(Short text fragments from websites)
..........

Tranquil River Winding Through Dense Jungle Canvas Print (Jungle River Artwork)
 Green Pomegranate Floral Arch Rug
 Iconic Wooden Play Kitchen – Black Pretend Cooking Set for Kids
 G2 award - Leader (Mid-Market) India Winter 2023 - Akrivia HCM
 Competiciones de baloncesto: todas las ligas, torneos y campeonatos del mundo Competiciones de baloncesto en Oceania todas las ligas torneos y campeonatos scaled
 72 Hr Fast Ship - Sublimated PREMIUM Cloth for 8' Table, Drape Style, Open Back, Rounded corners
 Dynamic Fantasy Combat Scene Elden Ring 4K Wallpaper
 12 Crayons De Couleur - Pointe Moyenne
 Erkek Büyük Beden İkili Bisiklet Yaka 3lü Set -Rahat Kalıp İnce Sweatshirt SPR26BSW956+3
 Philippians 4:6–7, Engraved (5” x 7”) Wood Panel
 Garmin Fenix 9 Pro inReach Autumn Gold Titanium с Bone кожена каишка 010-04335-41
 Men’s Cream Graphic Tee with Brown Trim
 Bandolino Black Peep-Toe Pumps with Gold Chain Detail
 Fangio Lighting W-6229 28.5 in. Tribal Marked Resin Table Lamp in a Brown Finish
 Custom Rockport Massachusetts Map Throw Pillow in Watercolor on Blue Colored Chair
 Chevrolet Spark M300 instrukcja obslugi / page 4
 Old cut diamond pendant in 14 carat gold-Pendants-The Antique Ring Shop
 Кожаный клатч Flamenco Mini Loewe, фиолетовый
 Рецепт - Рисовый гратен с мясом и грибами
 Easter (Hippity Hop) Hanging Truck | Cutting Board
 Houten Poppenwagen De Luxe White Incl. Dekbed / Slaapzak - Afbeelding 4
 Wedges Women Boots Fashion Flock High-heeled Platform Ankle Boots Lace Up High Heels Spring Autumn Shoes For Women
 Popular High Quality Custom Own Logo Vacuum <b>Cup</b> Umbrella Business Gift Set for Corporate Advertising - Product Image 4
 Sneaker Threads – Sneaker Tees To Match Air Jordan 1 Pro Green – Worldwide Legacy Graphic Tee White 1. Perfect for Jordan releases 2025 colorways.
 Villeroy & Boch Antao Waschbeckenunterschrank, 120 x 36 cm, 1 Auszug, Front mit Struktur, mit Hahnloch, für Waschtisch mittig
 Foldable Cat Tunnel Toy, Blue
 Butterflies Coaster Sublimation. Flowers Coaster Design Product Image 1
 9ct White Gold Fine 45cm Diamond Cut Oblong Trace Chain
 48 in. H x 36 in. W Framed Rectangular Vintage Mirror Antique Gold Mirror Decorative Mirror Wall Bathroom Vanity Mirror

..........

Could you retype every record above exactly as it appears?

Tranquil River Winding Through Dense Jungle Canvas Print (Jungle River Artwork)
 Green Pomegranate Floral Arch Rug
 Iconic Wooden Play Kitchen – Black Pretend Cooking Set for Kids
 G2 award - Leader (Mid-Market) India Winter 2023 - Akrivia HCM
 Competiciones de baloncesto: todas las ligas, torneos y campeonatos del mundo Competiciones de baloncesto en Oceania todas las ligas torneos y campeonatos scaled
 72 Hr Fast Ship - Sublimated PREMIUM Cloth for 8' Table, Drape Style, Open Back, Rounded corners
 Dynamic Fantasy Combat Scene Elden Ring 4K Wallpaper
 12 Crayons De Couleur - Pointe Moyenne
 Erkek Büyük Beden İkili Bisiklet Yaka 3lü Set -Rahat Kalıp İnce Sweatshirt SPR26BSW956+3
 Philippians 4:6–7, Engraved (5” x 7”) Wood Panel
 Garmin Fenix 9 Pro inReach Autumn Gold Titanium с Bone кожена каишка 010-04335-41
 Men’s Cream Graphic Tee with Brown Trim
 Bandolino Black Peep-Toe Pumps with Gold Chain Detail
 Fangio Lighting W-6229 28.5 in. Tribal Marked Resin Table Lamp in a Brown Finish
 Custom Rockport Massachusetts Map Throw Pillow in Watercolor on Blue Colored Chair
 Chevrolet Spark M300 instrukcja obslugi / page 4
 Old cut diamond pendant in 14 carat gold-Pendants-The Antique Ring Shop
 Кожаный клатч Flamenco Mini Loewe, фиолетовый
 Рецепт - Рисовый гратен с мясом и грибами
 Easter (Hippity Hop) Hanging Truck | Cutting Board
 Houten Poppenwagen De Luxe White Incl. Dekbed / Slaapzak - Afbeelding 4
 Wedges Women Boots Fashion Flock High-heeled Platform Ankle Boots Lace Up High Heels Spring Autumn Shoes For Women
 Popular High Quality Custom Own Logo Vacuum <b>Cup</b> Umbrella Business Gift Set for Corporate Advertising - Product Image 4
 Sneaker Threads – Sneaker Tees To Match Air Jordan 1 Pro Green – Worldwide Legacy Graphic Tee White 1. Perfect for Jordan releases 2025 colorways.
 Villeroy & Boch Antao Waschbeckenunterschrank, 120 x 36 cm, 1 Auszug, Front mit Struktur, mit Hahnloch, für Waschtisch mittig
 Foldable Cat Tunnel Toy, Blue
 Butterflies Coaster Sublimation. Flowers Coaster Design Product Image 1
 9ct White Gold Fine 45cm Diamond Cut Oblong Trace Chain
 48 in. H x 36 in. W Framed Rectangular Vintage Mirror Antique Gold Mirror Decorative Mirror Wall Bathroom Vanity Mirror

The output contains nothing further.